Transnational corporations have moved much of their
operations to countries like Colombia where neoliberal policies
have destroyed obstacles to profit making. They take advantage
of the rampant paramilitarism in Colombia.
Coca-Cola, Drummond and Nestle have all been accused of
collaborating with paramilitaries to intimidate and murder
union organizers.
An international campaign is being organized to call
attention to the abuses of transnationals in Colombia. It is
focusing in particular on Coca-Cola, one of the most brutal and
greedy corporations.
Coca-Cola routinely exploits workers by subcontracting
employees, laying them off without benefits, and by overworking
and underpaying. But activists charge it also collaborates with
paramilitaries to further repress workers who organize against
these conditions.
Eight Coca-Cola workers have been murdered, half of them as
a response to the unions' demands for better working conditions
or wages; 38 workers are displaced and 67 are living under
death threats. Their families have been threatened and
relatives kidnapped. Demon strations have been attacked and
union offices searched, bombed and burned.

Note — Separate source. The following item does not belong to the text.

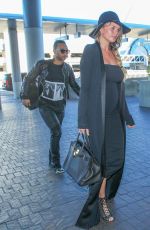 CHRISSY TEIGEN at Los Angeles International Airport 12/25/2015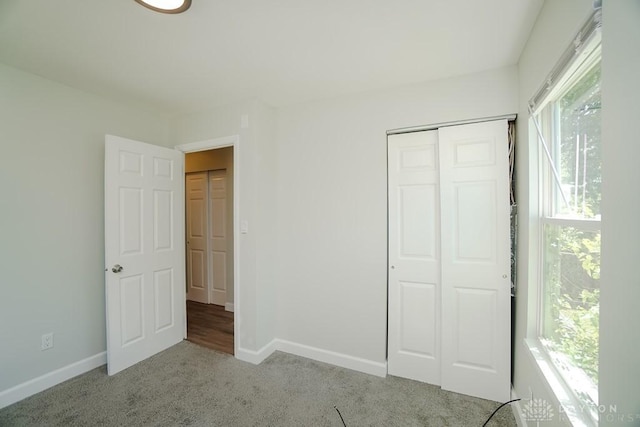 9738 Gibralter Dr, Colerain Township, OH 45251 - unfurnished bedroom with carpet floors, baseboards, and a closet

The United Steelworkers of America and the International
Labor Rights Fund on behalf of SINALTRAINAL--the National Union
of Food Industry Workers--filed a suit in U.S. courts in July
of 2001 against Coca-Cola.
The suit maintains that Coca-Cola is responsible for the
intimidation and murder of union organizers in its bottling
plants in Colombia.
Javier Correa, president of SINALTRAINAL, said in a Dec. 5
speech that "According to a published article, in 1998
Coca-Cola officials met with paramilitary leader Carlos Castano
in Cordoba."
The defendants in the case include Coca-Cola Corp.,
Coca-Cola Colombia, Panamco Beverages, Bebida y Alimentos, and
Richard Kirby--the U.S. citizen who owns three of the bottling
plants where union organizers have been murdered.
In March, a U.S. district court judge awarded the unions a
partial victory. Judge Jose E. Martinez ruled that the unions
can go ahead with the suit against Panamco, Bebida y Alimentos
and Richard Kirby. However, they removed Coca-Cola Corp. and
Coca-Cola Colombia as defendants in the case. The unions are
appealing the decision.
Unthinkable! Undrinkable!
An international campaign is beginning July 22 to demand
that Coca-Cola stop collaborating with paramilitaries, respect
workers' rights and pay reparations to the workers. The union
is asking people to support the campaign in any way
possible.
The campaign is the result of three town hall meetings held
in Atlanta, Ga., Brus sels, Belgium, and Bogotá,
Colombia, in 2002. SINALTRAINAL, along with organizations that
participated in these public tribunals, decided to call on the
world to protest the abuses that Coca-Cola has committed
against Colombian unionists.
On July 22 there will be a general strike and a protest in
Colombia to begin the campaign against Coca-Cola.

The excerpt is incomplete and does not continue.